Chapter 4. Qualitative Research Is Great...Except When It’s Terrible

In this chapter:

  • Learn when to do qualitative research and when to do quantitative.

  • Understand the best approach for figuring out what features to build next.

  • Learn what type of research will help you predict whether users will buy your product.

I have now spent several chapters telling you that you will burn in hell if you don’t do qualitative research on your users. I’m now going to tell you when that advice is absolute poison. Aren’t you glad you didn’t stop reading after the first few chapters?

The truth is that qualitative research isn’t right for every situation. It’s fantastic for learning very specific types of things, and it is completely useless for other things. That’s OK. The trick is to use it only in the right circumstances.

First, let’s very briefly touch on some of the differences between qualitative and quantitative research. Qualitative research is what we’ve been mainly discussing so far in this book. It typically involves interviewing or watching humans and understanding their behavior. It’s not statistically significant.

Here are a few examples of qualitative research:

  1. Contextual inquiry

  2. Usability studies

  3. Customer development interviews

Quantitative research is about measuring what real people are actually doing with your product. It doesn’t involve speaking with specific humans. It’s about the data in aggregate. It should always be statistically significant.

Here are a few examples of quantitative research:

  1. Funnel analytics

  2. A/B testing

  3. Cohort analysis

I know we haven’t gone into what any of those quantitative research methods are or how you might accomplish them. If you’re interested in learning more about these sorts of analytical tools (and you should be), you may want to check out the book Lean Analytics by Alistair Croll and Ben Yoskovitz (O’Reilly).

But none of that matters unless you understand when you would choose to use a qualitative method and when you would choose to use a quantitative method. Quantitative research tells you what your problem is. Qualitative research tells you why you have that problem.

Now, let’s look at what that means to you when you’re making product decisions.

A One-Variable Change

When you’re trying to decide between qualitative and quantitative testing for any given change or feature, you need to figure out how many variables you’re changing.

Here’s a simple example: You have a product page with a buy button on it. You want to see if the buy button performs better if it’s higher on the page without changing anything else. Which do you do? Qualitative or quantitative?

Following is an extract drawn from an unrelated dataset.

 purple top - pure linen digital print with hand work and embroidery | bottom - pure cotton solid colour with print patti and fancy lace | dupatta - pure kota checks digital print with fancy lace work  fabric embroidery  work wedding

How could you possibly choose?
Figure 4-1. How could you possibly choose?

That’s right, I said this one was simple. There’s absolutely no reason to qualitatively test this before shipping it. Just get this in front of users and measure their rate of clicking on the button.

The fact is, with a change this small, users in a testing session or a discussion aren’t going to be able to give you any decent information. Honestly, they probably won’t even notice the difference. Qualitative feedback here is not going to be worth the time and money it takes to set up interviews, talk to users, and analyze the data.

More importantly, since you are changing only one variable, if user behavior changes, you already have a really good idea why it changed. It changed because the CTA button was in a better place. There’s nothing mysterious going on here.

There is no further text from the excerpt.